Bei Steuerstrafverfahren ist zwischen dem Besteuerungsverfahren (steuerliche Seite) und dem Strafverfahren (strafrechtliche Seite) zu unterscheiden. Die Wirkung der Selbstanzeige beschränkt sich auf die „strafrechtliche Seite“ einer Steuerstraftat. Von der Nachzahlung der hinterzogenen Steuern – der steuerlichen Seite – befreit sie nicht. Insoweit ist auf die strafrechtliche Verjährung zu achten, die fünf Jahre (in besonders schweren Fällen der Steuerhinterziehung nach § 370 Abs. 3 AO zehn Jahre) beträgt und mit Bekanntgabe des falschen Steuerbescheides beginnt. Nur für diesen Zeitraum ist die Abgabe einer Selbstanzeige sinnvoll. Wird auch für ältere Jahre eine Selbstanzeige abgegeben, kann dies ein „Geschenk“ an die Finanzverwaltung sein. Im  Besteuerungsverfahren, der „steuerlichen Seite“, beträgt die Verjährung bei Steuerstraftaten zehn Jahre. Die Steuern müssen - nach entsprechender Festsetzung -  für diesen Zeitraum nachgezahlt werden. Einen Nutzen hat die Selbstanzeige für strafrechtlich verjährte Veranlagungszeiträume nicht, da eine Strafbarkeit aufgrund der Verjährung nicht mehr besteht.

6. Ausschlussgründe – Wann wirkt eine Selbstanzeige nicht strafbefreiend?

In einigen  Fällen ist die Möglichkeit der strafbefreienden Selbstanzeige ausgeschlossen. Die Straffreiheit tritt dann nicht ein. Es gibt drei Tatbestände, die diese „Sperrwirkung“ hervorrufen. Konkret ist ein Sperrgrund eingetreten, wenn vor Berichtigung, Ergänzung oder Nachholung der Selbstanzeige einer der folgenden Tatbestände erfüllt ist:

  • Das Erscheinen eines Amtsträgers der Finanzbehörde zur steuerlichen Prüfung – z. B. Steuerfahndung oder Betriebsprüfung. Die bloße Ankündigung einer Prüfung, z.B. durch Übersendung der Prüfungsanordnung, löst die Sperrwirkung noch nicht aus.  Die Sperrwirkung tritt erst ein, wenn der Prüfer zur Prüfung erschienen ist, dass heißt wörtlich gesprochen: „auf der Fußmatte steht“. Jedoch sind nur die geprüften Steuerarten und Veranlagungszeiträume gesperrt. Auch ist nach Beendigung der Prüfung eine Selbstanzeige wieder möglich.
  • Die Bekantgabe der Einleitung eines Straf- und Bußgeldverfahrens gegenüber dem Täter oder seinem Bevollmächtigten.
  • Die Entdeckung der Tat im Zeitpunkt der Berichtigung und Kenntnis des Täters von der Entdeckung bzw. dessen vorwerfbare Nichtkenntnis. Die Tat muss nicht unbedingt von einem Amtsträger entdeckt sein, jede „andere Person“ als der Täter und dessen Vertrauenspersonen reicht aus. Der reine Verdacht genügt jedoch nicht. Es muss eine Konkretisierung dergestalt vorliegen, dass bei vorläufiger Bewertung mit einer Verurteilung wegen Steuerhinterziehung zu rechnen ist. 

 

7. Fristgerechte Steuernachzahlung erforderlich!

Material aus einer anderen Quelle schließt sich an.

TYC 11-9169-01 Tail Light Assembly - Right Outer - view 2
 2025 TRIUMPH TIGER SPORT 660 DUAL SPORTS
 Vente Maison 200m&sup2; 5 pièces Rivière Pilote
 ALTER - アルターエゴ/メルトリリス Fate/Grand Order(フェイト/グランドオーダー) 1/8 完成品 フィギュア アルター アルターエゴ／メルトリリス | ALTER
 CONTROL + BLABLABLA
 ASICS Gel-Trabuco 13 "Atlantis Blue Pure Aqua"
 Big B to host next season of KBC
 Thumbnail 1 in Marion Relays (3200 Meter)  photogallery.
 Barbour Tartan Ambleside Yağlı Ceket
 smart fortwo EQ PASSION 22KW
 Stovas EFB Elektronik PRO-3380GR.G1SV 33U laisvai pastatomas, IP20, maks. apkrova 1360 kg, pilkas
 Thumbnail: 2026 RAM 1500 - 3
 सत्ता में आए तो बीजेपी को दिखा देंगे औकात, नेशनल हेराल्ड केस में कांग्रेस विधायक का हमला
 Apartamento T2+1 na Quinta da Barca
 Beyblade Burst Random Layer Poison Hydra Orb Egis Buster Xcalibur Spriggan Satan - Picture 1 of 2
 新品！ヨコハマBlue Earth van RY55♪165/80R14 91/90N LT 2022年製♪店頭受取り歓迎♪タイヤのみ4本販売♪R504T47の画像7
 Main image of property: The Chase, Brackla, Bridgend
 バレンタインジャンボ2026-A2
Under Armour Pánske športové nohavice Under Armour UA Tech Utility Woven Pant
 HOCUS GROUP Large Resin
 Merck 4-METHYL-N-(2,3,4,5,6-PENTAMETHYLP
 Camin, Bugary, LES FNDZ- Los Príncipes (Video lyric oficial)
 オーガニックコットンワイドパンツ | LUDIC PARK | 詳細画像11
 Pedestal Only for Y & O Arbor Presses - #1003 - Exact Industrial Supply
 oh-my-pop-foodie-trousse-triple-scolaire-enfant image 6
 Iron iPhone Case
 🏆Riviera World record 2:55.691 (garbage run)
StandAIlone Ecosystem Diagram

Straffreiheit tritt durch die Selbstanzeige grundsätzlich nur dann ein, wenn die hinterzogenen Steuern durch den Tatbeteiligten, zu dessen Gunsten sie hinterzogen wurden, binnen der vom Strafsachen-Finanzamt gesetzten Frist nachentrichtet werden. Die Nachzahlung kann auch durch einen Mittäter, Gehilfen oder Unbeteiligten erfolgen.

Fehlen von Anfang an die erforderlichen finanziellen Mittel, ist die Selbstanzeige zunächst „erfolglos“, da die beabsichtigte Straffreiheit nicht eintritt. Die Selbstanzeige kann aber dennoch sinnvoll sein, da sie bei der Strafzumessung strafmildernd berücksichtigt wird.

8. Schreckmoment - Bekanntgabe der Einleitung eines Steuerstrafverfahrens!

Nach der Abgabe einer Selbstanzeige informiert das Finanzamt üblicherweise das Strafsachenfinanzamt. Das Strafsachenfinanzamt leitet dann regelmäßig „pro forma“ ein Steuerstrafverfahren ein. Die Einleitung wird dem Steuerpflichtigen – häufig an einem Samstag, an dem er seinen Berater nicht erreicht – bekannt gegeben. Der Steuerpflichtige hat so ein ziemlich unruhiges Wochenende und befürchtet „alles ist schief gegangen“.  Diese Befürchtung ist jedoch i. d. R. grundlos. Die Einleitung eines Strafverfahrens nach Abgabe einer Selbstanzeige geschieht, um das Nachschieben weiterer Selbstanzeigen in dieser Angelegenheit zu unterbinden und die Zahlungsfrist zu überwachen. Ferner, um zu überprüfen, ob schon Ausschlussgründe vor Eingang der Selbstanzeige vorlagen. Es handelt sich um eine Formalität im normalen Ablauf eines Selbstanzeigeverfahrens.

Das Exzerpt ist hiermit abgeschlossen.